Em segundo lugar, considerando especialmente a atribuição da AGU para a propositura de ações de improbidade em relação aos ilícitos objeto dos possíveis acordos, ambas as instituições firmaram portaria conjunta para regular os trâmites procedimentais do acordo e para permitir a participação da AGU nas comissões de negociação, o que garante maior segurança jurídica a todo o processo.

Há que ressaltar que a CGU se encontra à disposição do MPF e do TCU para formalizar mecanismos para o mesmo fim, inclusive para ensejar a participação de seus integrantes nas comissões de negociação.

As comissões de negociação do acordo de leniência

Feitas essas considerações, importante dizer que as comissões de negociação dos acordos de leniência são compostas por Auditores Federais de Finanças e Controle, todos servidores estáveis da CGU, e por membros da Advocacia-Geral da União.

Cada comissão é composta por cinco membros, os quais têm independência técnica para realizar as tratativas com as empresas e, ao final, propor uma de duas hipóteses:

(i) a não realização do acordo, sempre que se verificar que as empresas:

[a] não estão, de fato, dispostas a colaborar,

[b] embora dispostas a colaborar, não há elementos indicativos de ilícitos nas informações apresentadas ou estas não contribuem para as investigações a cargo da CGU,

[c] não assumam programa de integridade eficaz e validado pelo monitoramento da CGU, ou,

[d] não estejam dispostas a ressarcir os valores “com base em critérios de eficiência, preservando-se a obrigação da pessoa jurídica de reparar integralmente o dano causado” (conforme previsto no artigo 5º, V, da Portaria CGU/AGU nº 2278/2016); ou,

(ii) a realização do acordo, quando as empresas cumprirem os requisitos legais para a sua celebração.

Nesse contexto, o norte condutor de toda a atuação da CGU é a preservação do interesse público no caso concreto. A Constituição impõe sua atuação com impessoalidade, sem o viés de beneficiar ou prejudicar quem quer que seja. Sem violar a confidencialidade, é razoável registrar o seguinte dado estatístico: que a CGU (i) já declarou seis empresas inidôneas no âmbito da Operação “Lava Jato”; (ii) já encerrou as negociações com duas outras empresas, remetendo os respectivos casos para apuração em PAR, o que pode gerar, em tese, a declaração de inidoneidade da empresa; (iii) mantém dez PARs em fase de instrução; e (iv) mantém onze PARs em aberto aguardando o encerramento da negociação de eventual acordo de leniência. (números de 1º de março de 2017).

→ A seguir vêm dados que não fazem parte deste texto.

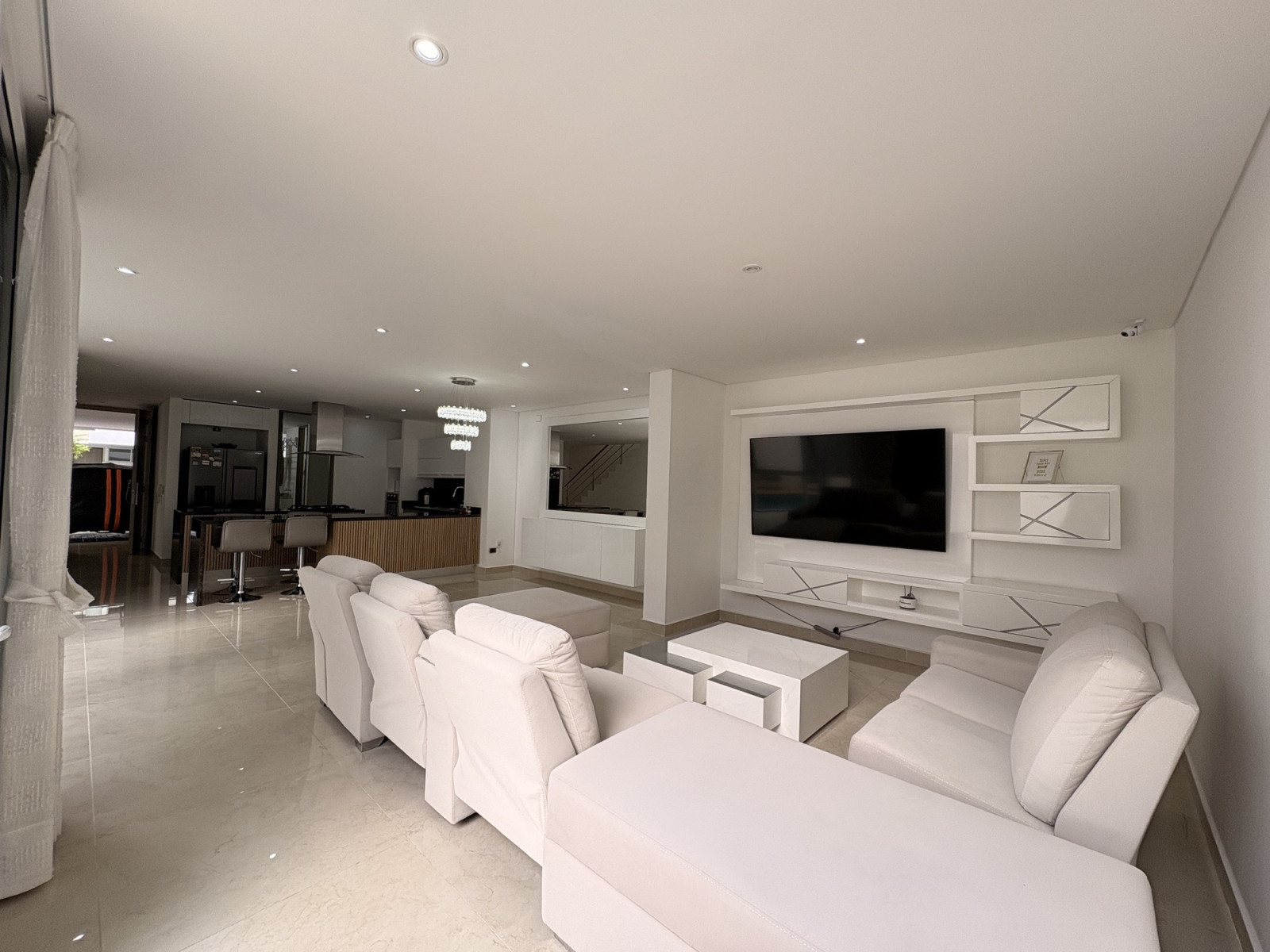 CASA en venta en Cali, carrera 117 9-195, 280 m²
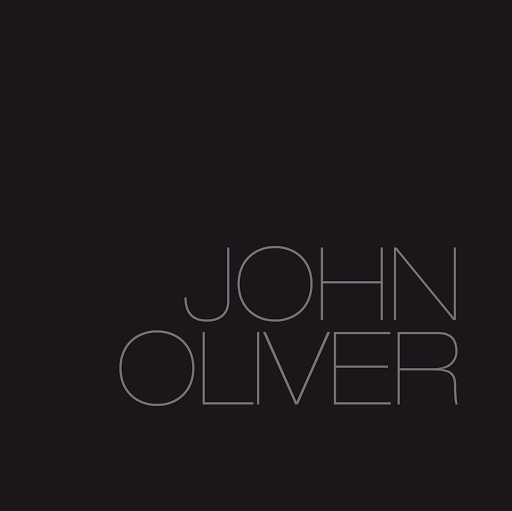 John Oliver Photo 17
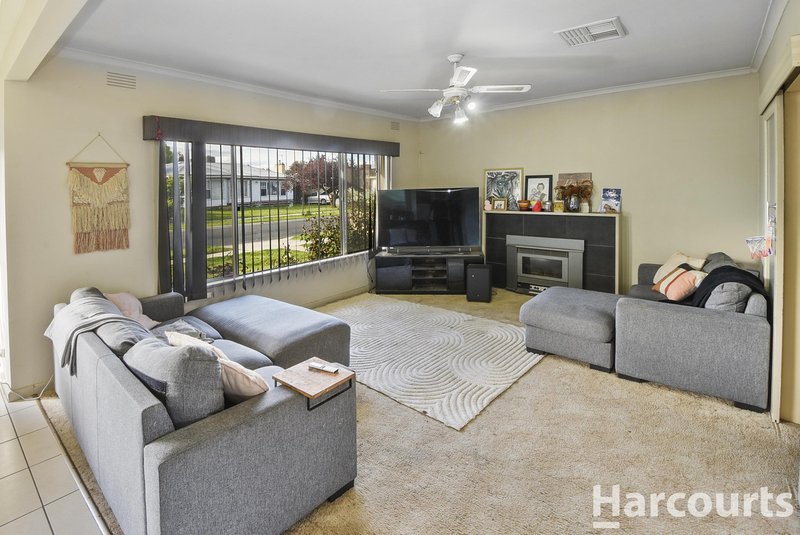 Photo - 30 Arnott Street, Horsham VIC 3400 - Image 3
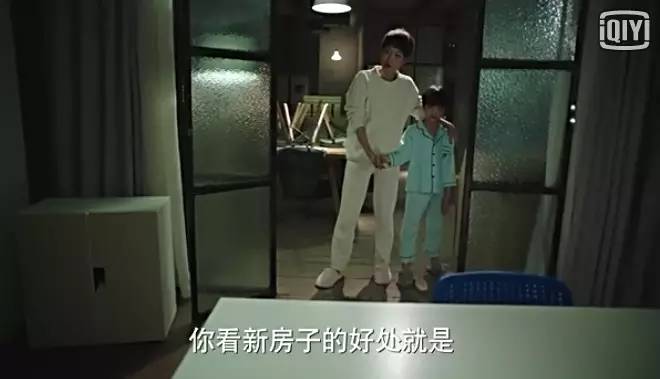 平儿住新家闹觉、发脾气，妈妈罗子君做法感人......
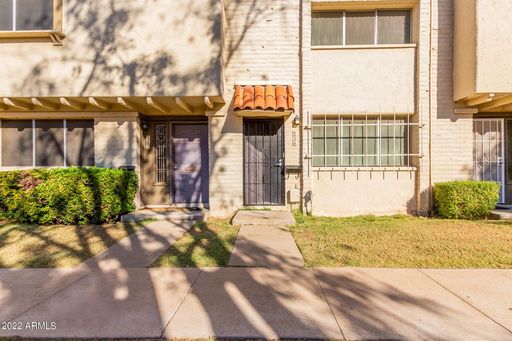 Great Location in Scottsdale! 2 bedroom, 1.5 bath, community pool – photo 1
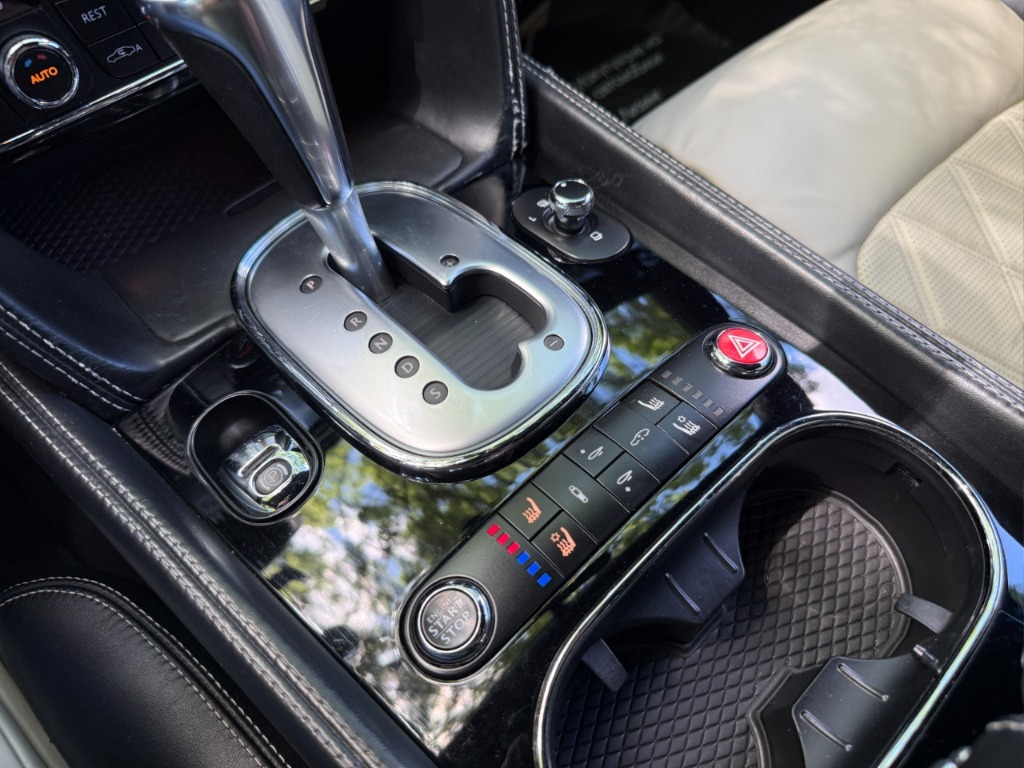 2015 Bentley, 112.000 km, Bulgarien — Foto 14 z 15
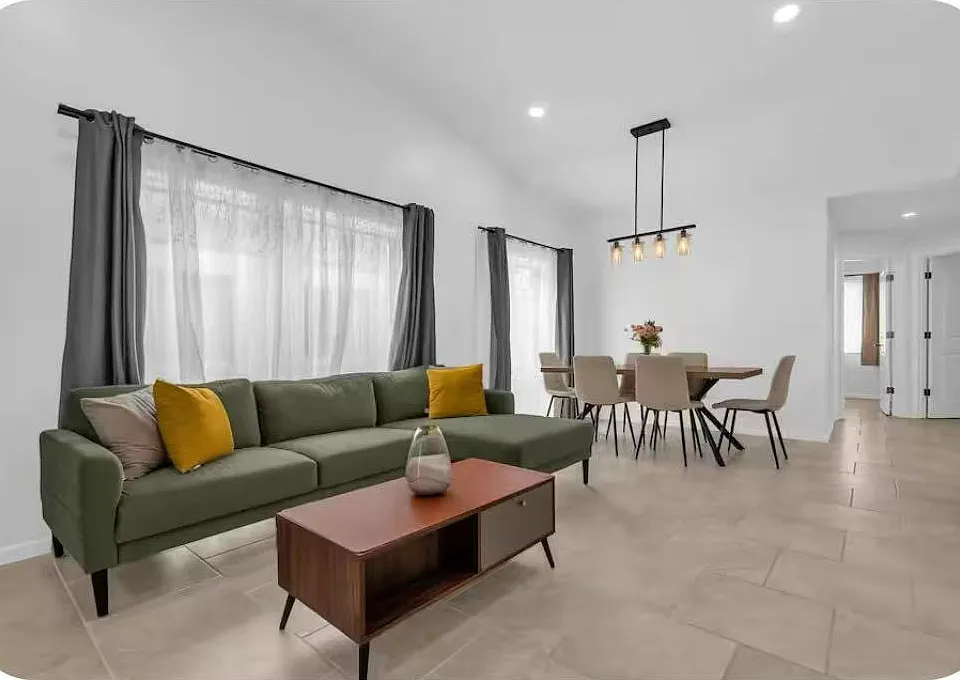 Sandcrest Cir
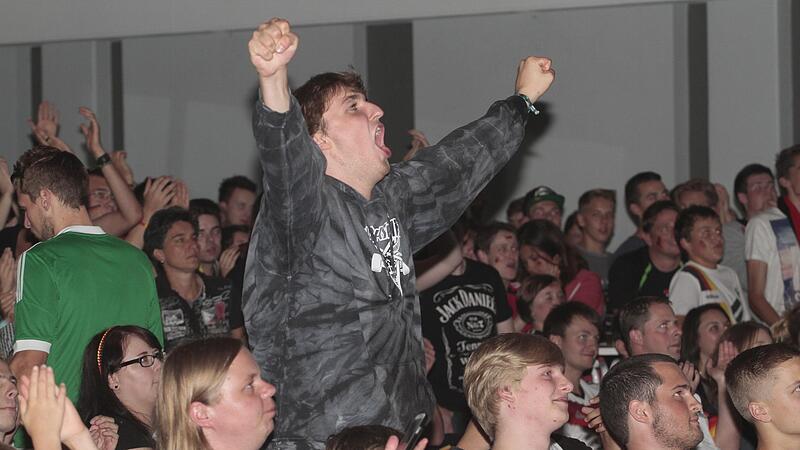 Gutes Omen Stadthalle? Am 13. Juli 2014 haben die Kulmbach dort den WM-Titel der deutschen Elf bejubelt. Das Public Viewing war wegen des Wetters in die Halle verlegt worden. Gutes Omen Stadthalle? Am 13. Juli 2014 haben die Kulmbach dort den WM-Titel der deutschen Elf bejubelt. Das Public Viewing war wegen des Wetters in die Halle verlegt worden.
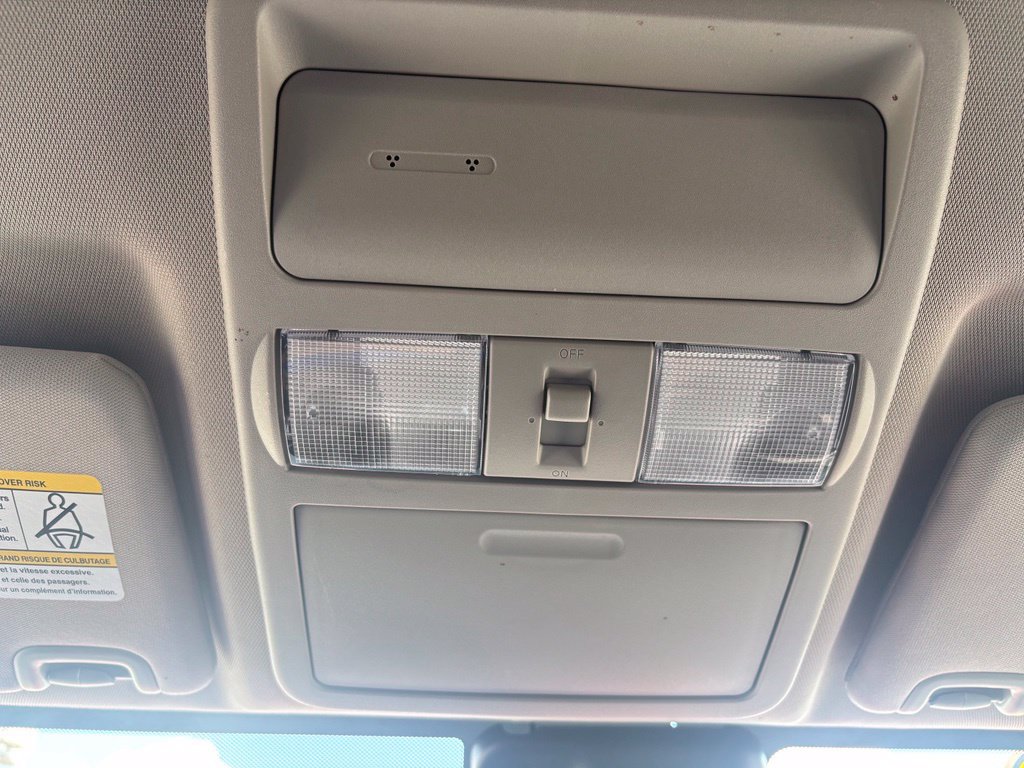 Used 2025 Nissan Frontier SV w/ SV Convenience Package AWD/4WD image 36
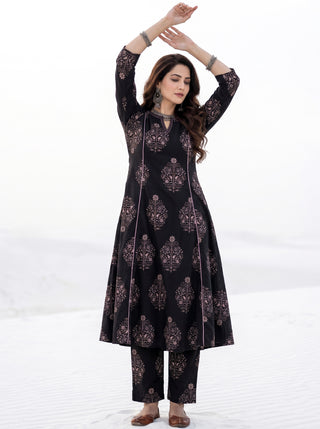 Aina Kavita Kali Kurta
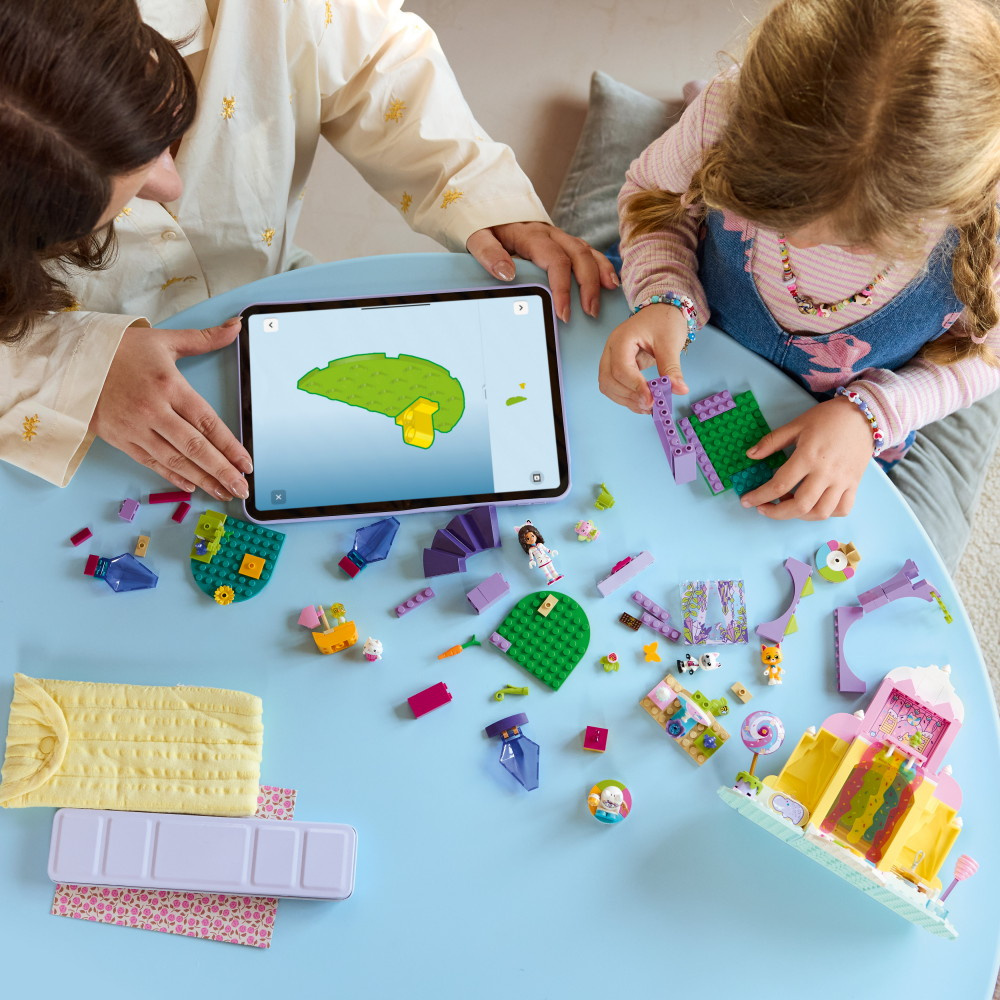 LEGO Gabby's Dollhouse - Karamellivuori ja Kisupuutarha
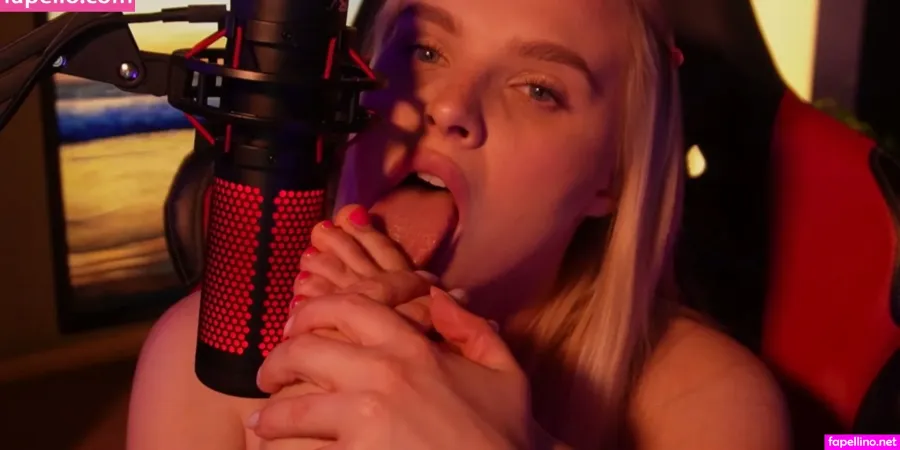 Lexi Sexy1 1 OnlyFans Thumbnail #Tsb9fl75hY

De outro lado, a CGU mantém negociações com empresas que manifestaram efetivo interesse em colaborar com as investigações. Atualmente há quinze comissões de negociação, relacionadas ou não à Operação Lava Jato. Duas dessas comissões estão na fase final do processo, devendo encerrar-se ainda no mês de março. Outras três haviam suspendido as tratativas a pedido da Força Tarefa do MPF na Operação Lava Jato, para não prejudicar o trabalho desenvolvido pelos procuradores da República em Curitiba. Ainda, até o mês de maio, espera-se encerrar outros dois casos. Portanto, a atuação da CGU, além de primar pelo respeito às normas aplicáveis, também demonstra a preocupação com uma atuação articulada entre todos os órgãos envolvidos no combate à corrupção.

Da celeridade e do devido processo legal

Atente-se que a CGU tem atuado intensamente para que tais processos tenham a menor duração possível, respeitando-se, em conjunto, os princípios do devido processo legal, da legalidade, da eficiência e da duração razoável do processo. Esse trabalho se intensificou nos últimos meses, considerando que havia processos cuja duração estava longe da ideal. Para tanto, foram redimensionadas as equipes, constituiu-se comissão de apoio técnico para auxiliar as comissões (com contadores, engenheiros e especialistas em programas de integridade), e estabeleceu-se um cronograma de acompanhamento dos trabalhos das comissões. Ainda, a fim de melhor capacitar as comissões, em parceria com a Fundação Getúlio Vargas, realizou-se Curso Avançado em Negociação de Acordos de Leniência, com duração de 40h/a, que contou com a participação dos Membros das Comissões, além de Advogados da União e Auditores do TCU envolvidos na análise dos acordos de leniência.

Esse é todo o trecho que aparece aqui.